Learning Networks
Racism remains one of the largest stumbling blocks toward social inclusion, sustainable communities, and better opportunities for residents. Since 2008, CoLab has convened networks of leaders of color and other socially-marginalized groups to explore ways of addressing this and other impediments to a robust democracy. In each network, CoLab works to build collaboration between community organizations and labor unions, which hold important reserves of collective wealth of low-income people through pension funds, collective bargaining agreements and other assets. Examples of such networks include:
- 2013 Mel King Community Fellows, seventeen highly-respected labor and community organizing leaders from around the U.S. that together are exploring issues of labor/community partnerships and innovative approaches to organizing worker power.
- Economic Democracy Working Group, Information forthcoming...
- Forum on Race and Democracy, ten national leaders and scholars from the civil rights, labor, community-building, and immigrant rights movements, who meet to explore and facilitate connections across their movements.
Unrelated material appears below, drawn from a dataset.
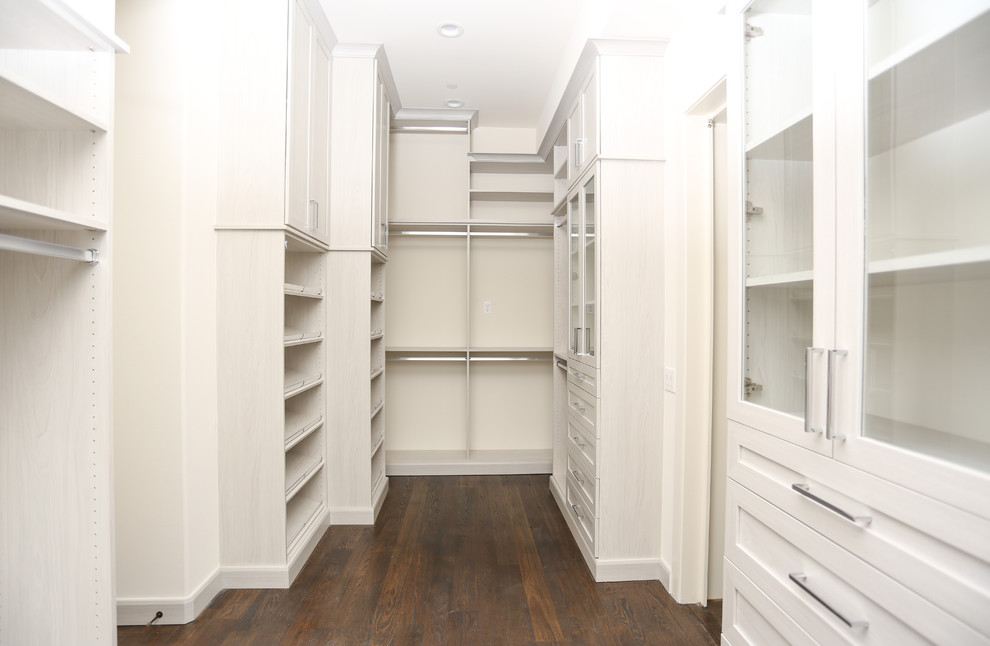 Inspiration for an expansive contemporary gender neutral walk-in wardrobe in Atlanta with brown floors, shaker cabinets, medium hardwood flooring and light wood cabinets.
- Transforming Capitalism, a dynamic group including economists, innovative bankers, business leaders, and community activists co-convened with the Presencing Institute to examine the roots of the current financial crisis and explore more generative alternatives for organizing economies.
- URBAN, an effort to develop and support a multi-disciplinary network of scholars and practitioners committed to the use of community-based research for collaborative generation and testing of knowledge.